*Data listing*.
-=-=-=-=-
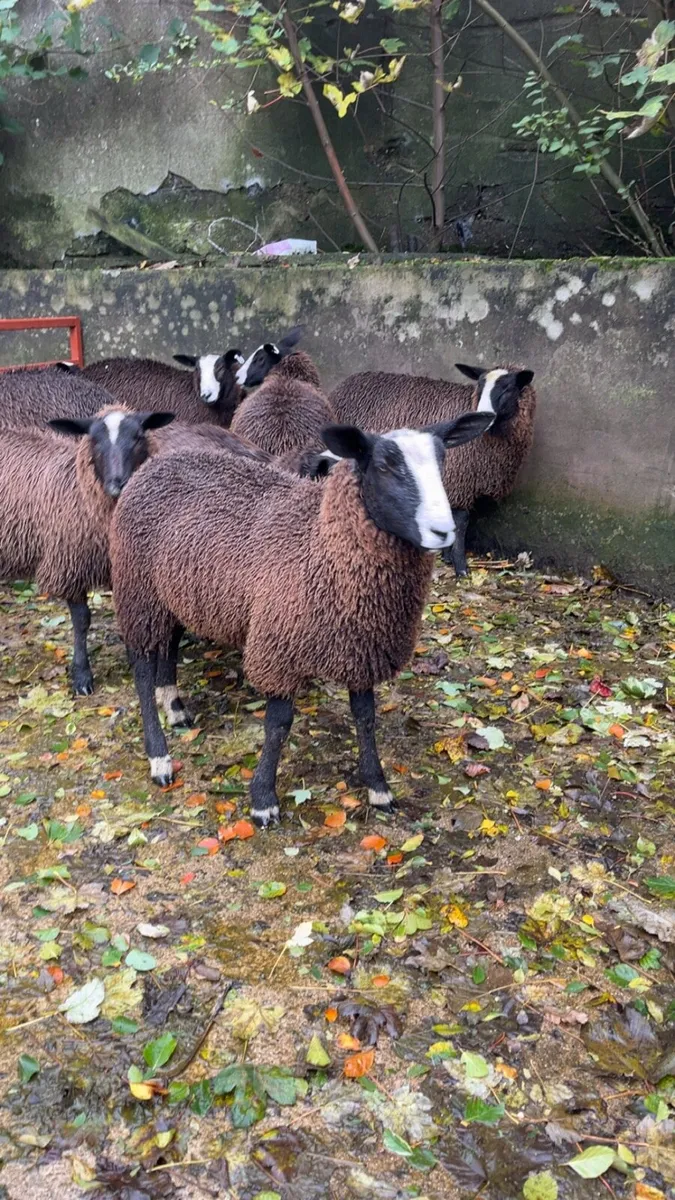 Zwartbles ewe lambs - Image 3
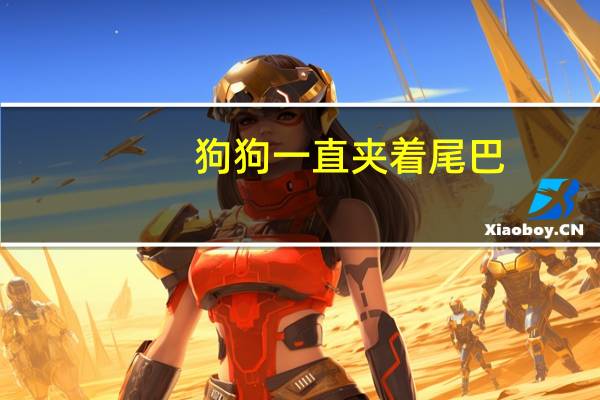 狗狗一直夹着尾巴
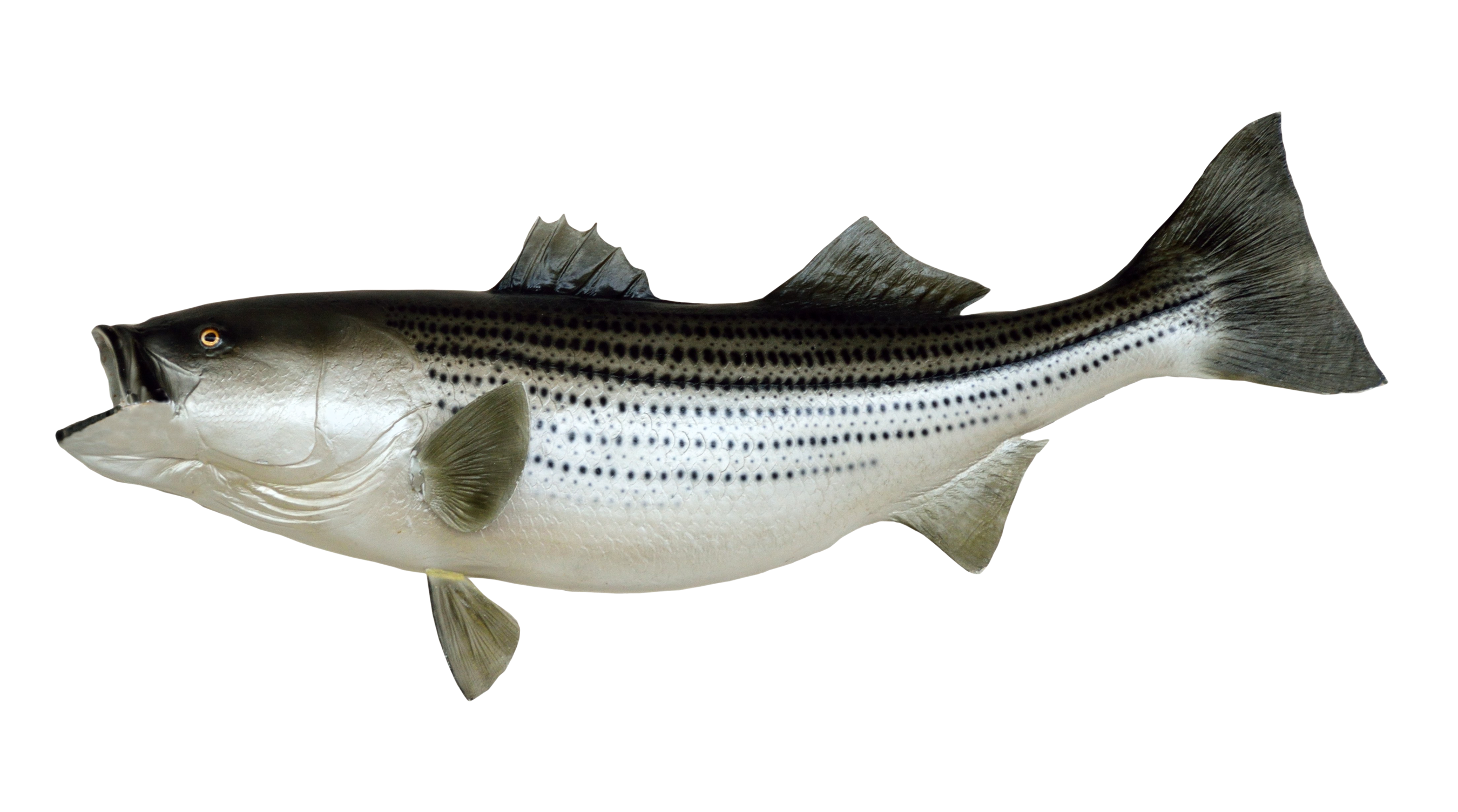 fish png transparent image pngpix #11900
-=-=-=-=-
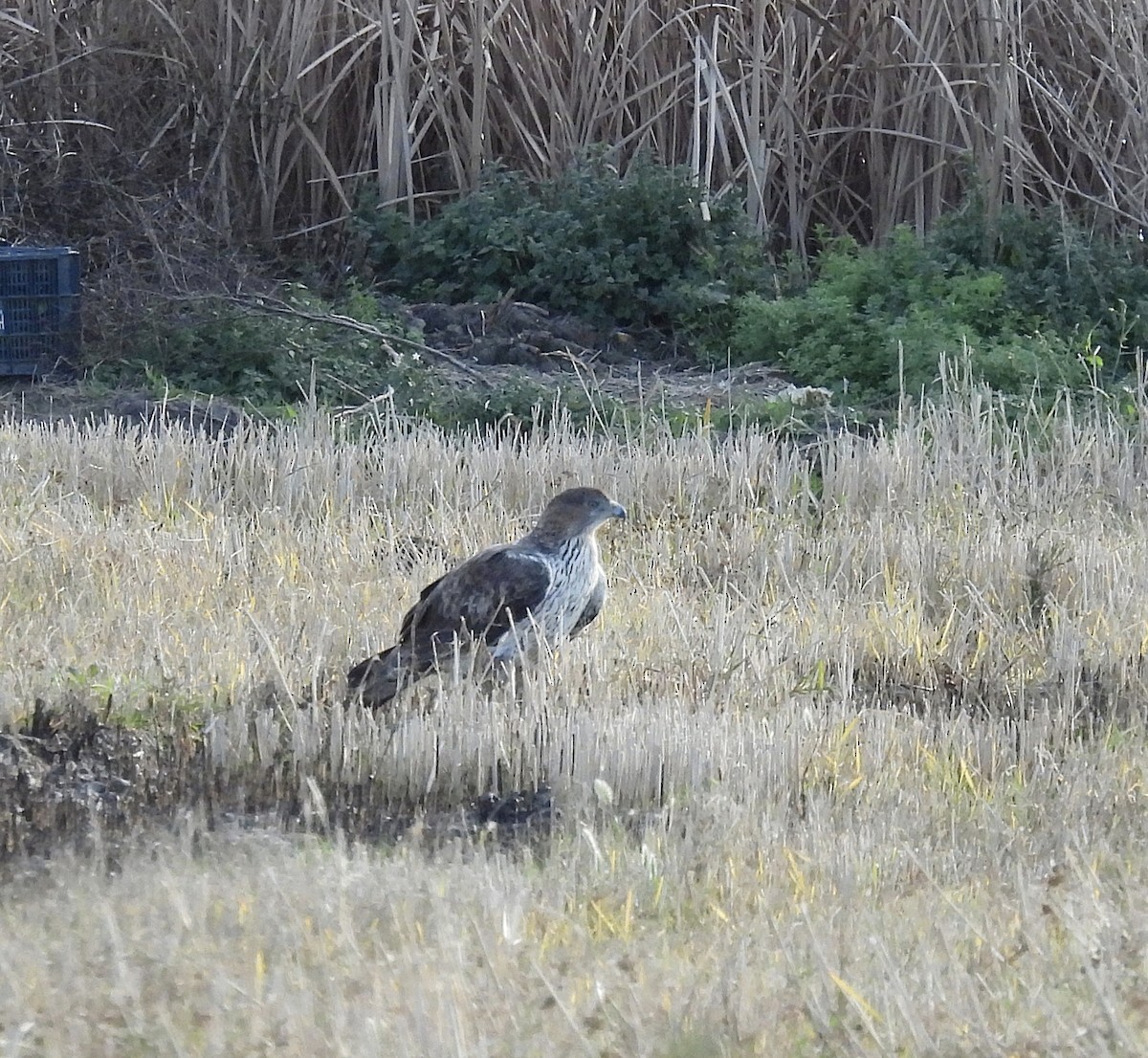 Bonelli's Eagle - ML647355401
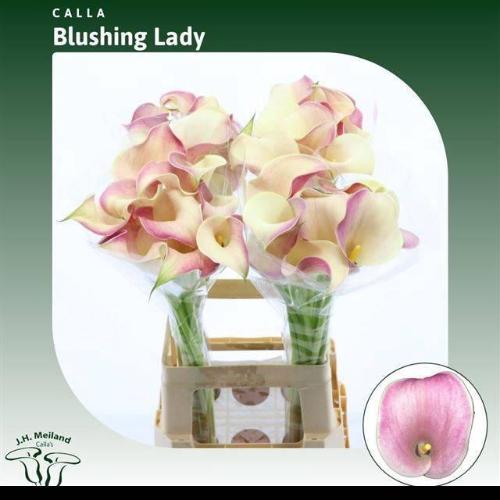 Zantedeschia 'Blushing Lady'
-=-=-=-=-
*Work instructions*. Taking the entries above, extract every line from the one bearing "Zwartbles ewe lambs - Image 3" through the one bearing "fish png transparent image pngpix #11900", exactly, with no pictures.

*Exercise response*.
 Zwartbles ewe lambs - Image 3
 狗狗一直夹着尾巴
 fish png transparent image pngpix #11900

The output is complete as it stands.